Circular Economy and Green Transition: The EU's Circular Economy Action Plan, launched in March 2020, introduces wide-ranging legislation to combat greenwashing, promote eco-design, and improve appliance repair. This plan is central to the EU's strategy for achieving a climate-neutral economy by 2050, benefiting all citizens. A circular economy approach, which focuses on reducing waste and reusing resources, is seen as vital to addressing the dilemmas posed by CRM dependency.
Critical Raw Materials Act The CRMA is a legislative proposal aiming to secure the supply of CRMs, emphasizing the EU's strategic autonomy, especially in light of dependencies on China and recent geopolitical events like Russia's war in Ukraine. The Act proposes to source at least 10% of the EU's annual CRM consumption domestically, which raises environmental and social concerns regarding mining in Europe.
Environmental and Social Challenges Europe faces the uncomfortable truth of needing CRMs for its consumption patterns but is reluctant to bear the environmental and social impacts of mining. This leads to a dependency on imports, often from countries facing the adverse effects of extraction.

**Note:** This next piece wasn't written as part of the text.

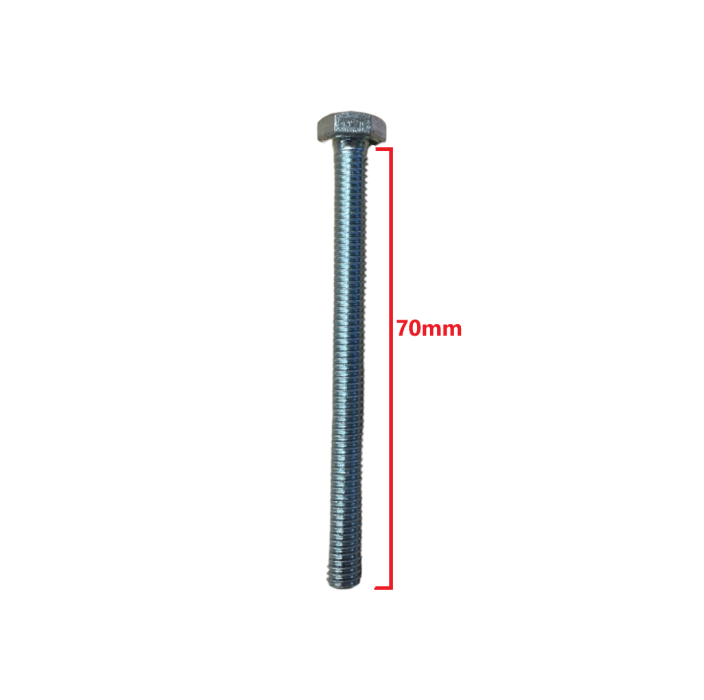 Βίδα 933 DIN γαλαβανιζέ εξάγωνη 6*70mm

Circular Economy Solutions The draft CRMA suggests a 15% recycling target for CRMs, promoting circularity. However, circularity involves more than recycling; it includes keeping the value of materials in the system longer. This aspect is underrepresented in the current proposal. A shift to a circular economy is proposed not only to reduce carbon emissions and material consumption but also to provide socially just solutions.

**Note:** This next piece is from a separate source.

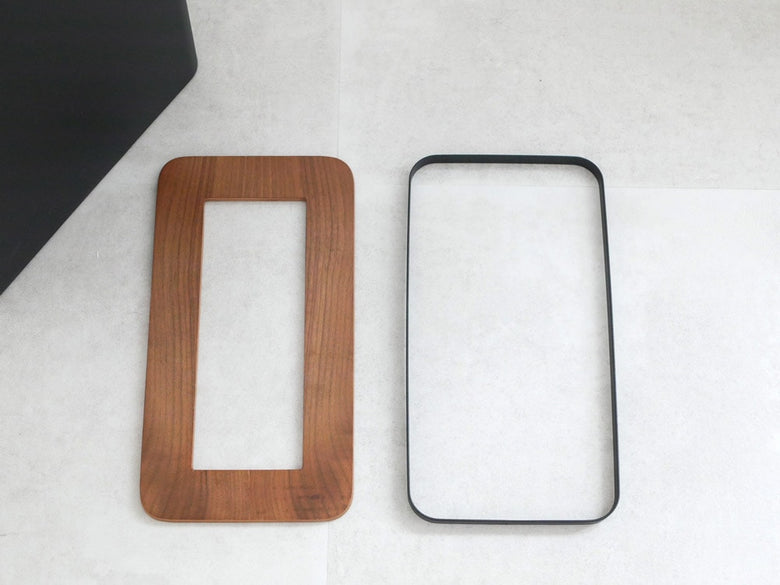 リンブランドのスチールと木製トラッシュカン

Circularity in Business Practices The report highlights the business benefits of circular economy solutions, including supply and technology risk mitigation, cost reduction, environmental improvements, and the development of new markets and business models. Examples like extending the life of lithium-ion batteries and implementing repair services illustrate how businesses can innovate within a circular framework.
Policy Recommendations The report recommends a comprehensive approach to circularity within the CRMA, advocating for a flexible, case-by-case application. It suggests investing in infrastructure to support a systemic circular economy and setting a clear vision for a European Industrial Strategy that combines circularity, carbon neutrality, and sustainability. Diversifying supply chains and promoting responsible mining are key to creating more sustainable supply networks. Financial incentives and support schemes are proposed to accelerate the commercial viability of green technologies.
In summary, the report underscores the importance of a balanced approach to securing CRMs, advocating for a stronger emphasis on circular economy practices to address environmental, social, and economic challenges. This approach is seen as essential for the EU's transition to a climate-neutral, sustainable economy.